Exercise brief: Once the pictures are removed, output the remaining entries exactly as given.

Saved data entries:
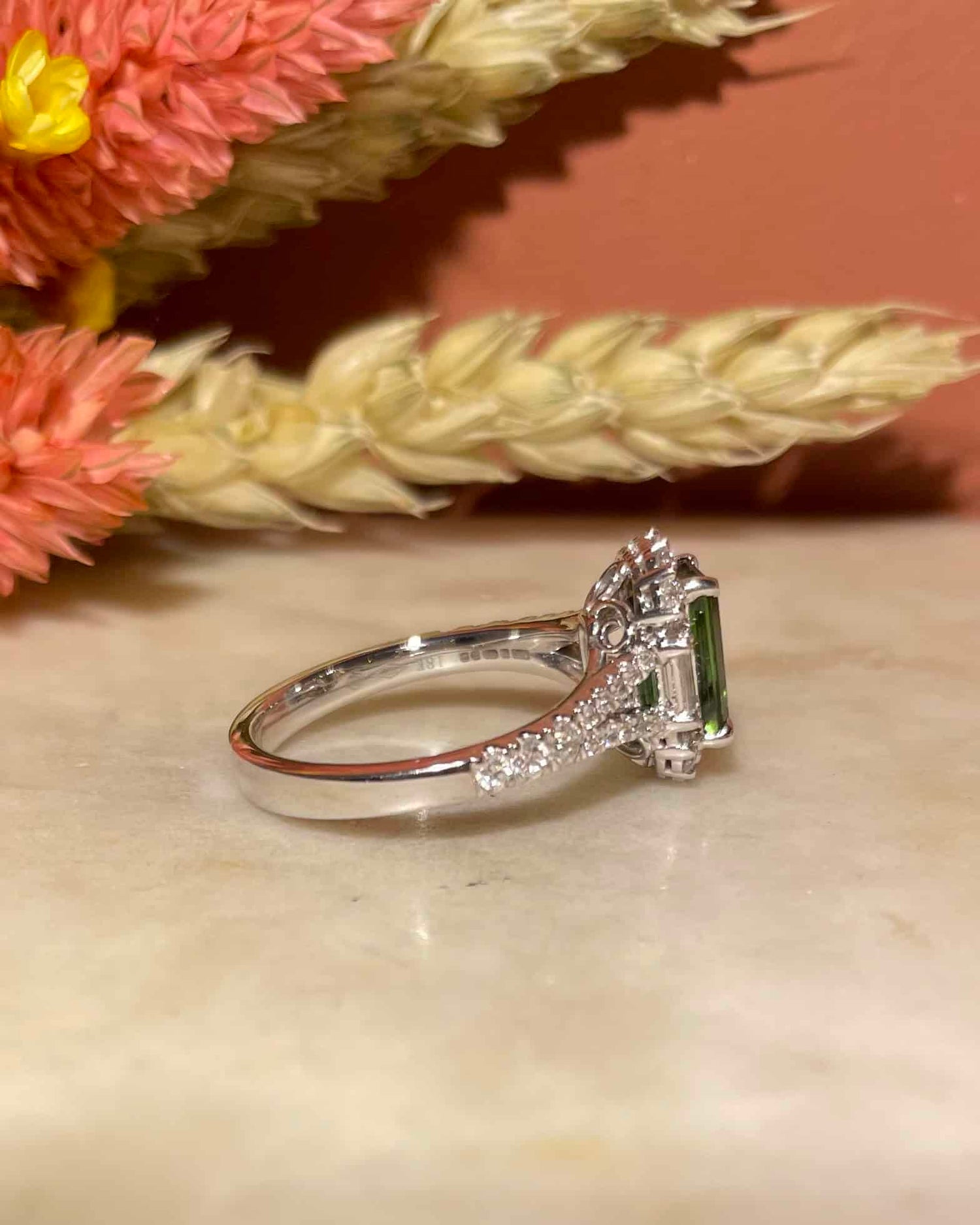Bague Style Art - Déco Tourmaline 1.47 carat &amp; 42 Diamants &quot;Valeria&quot; - Elliade Paris
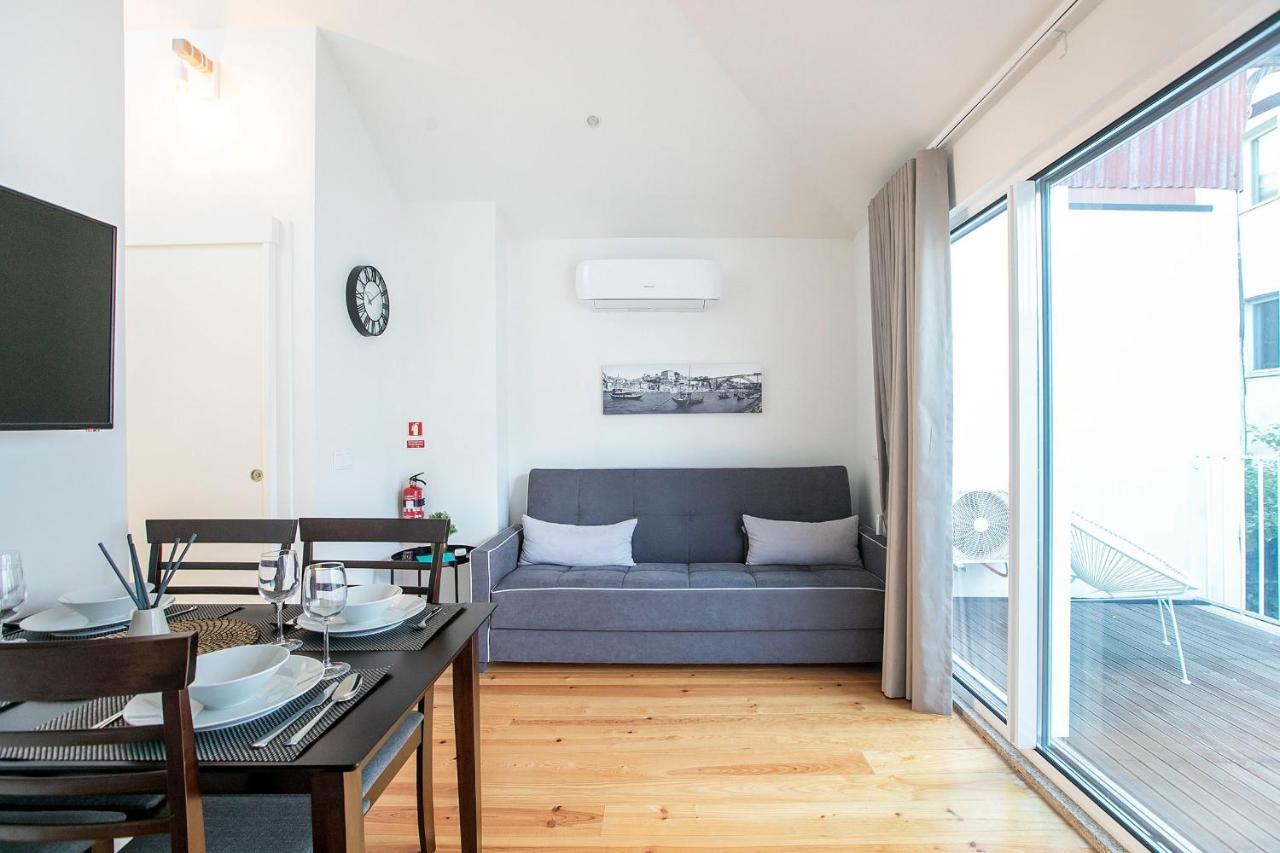 Lovelystay - Cozy 1Br In Santa Catarina W/ Balcony Порту Экстерьер фото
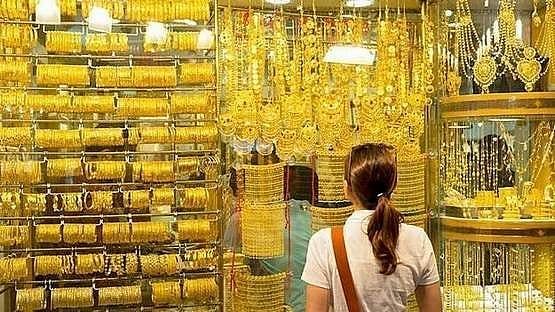 Dubai: Altın Fiyatları Rekor Seviyeye Ulaştıktan Sonra Erken Ticarette Sabit Kaldı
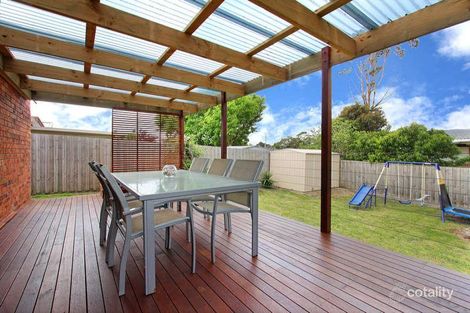 Property photo of 147 Eighth Avenue Rosebud VIC 3939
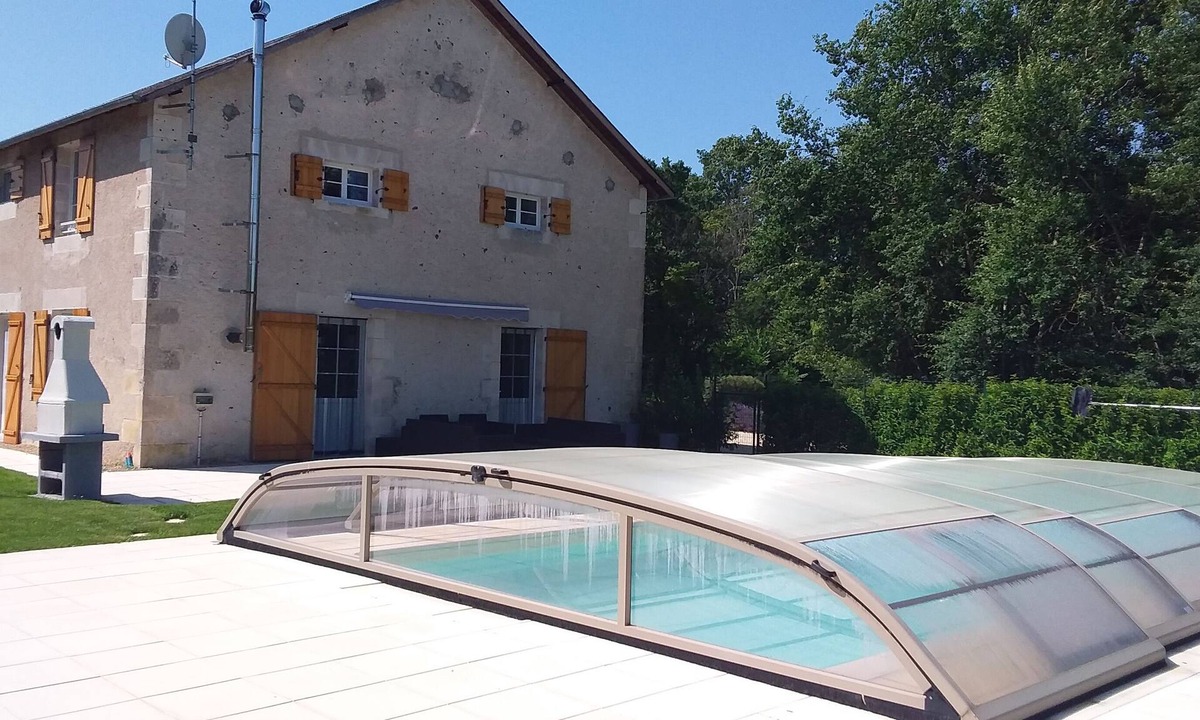 Saint-Savin Cottage | A very spacious cottage with 3 large ensuite bedrooms with Great views. Sleeps 8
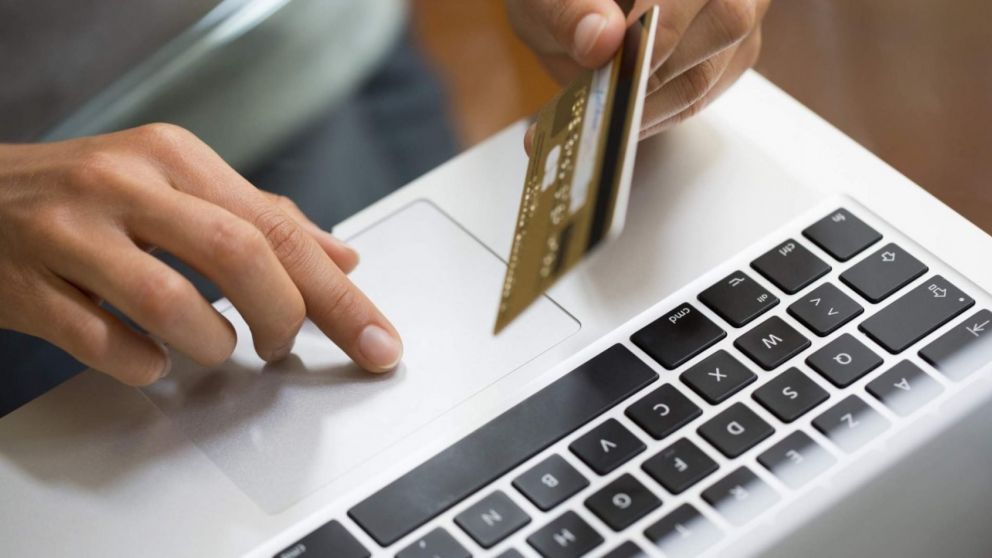 ¿Existe monto para la transferencia bancaria?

Reply to the task:
Bague Style Art - Déco Tourmaline 1.47 carat &amp; 42 Diamants &quot;Valeria&quot; - Elliade Paris
 Lovelystay - Cozy 1Br In Santa Catarina W/ Balcony Порту Экстерьер фото
 Dubai: Altın Fiyatları Rekor Seviyeye Ulaştıktan Sonra Erken Ticarette Sabit Kaldı
 Property photo of 147 Eighth Avenue Rosebud VIC 3939
 Saint-Savin Cottage | A very spacious cottage with 3 large ensuite bedrooms with Great views. Sleeps 8
 ¿Existe monto para la transferencia bancaria?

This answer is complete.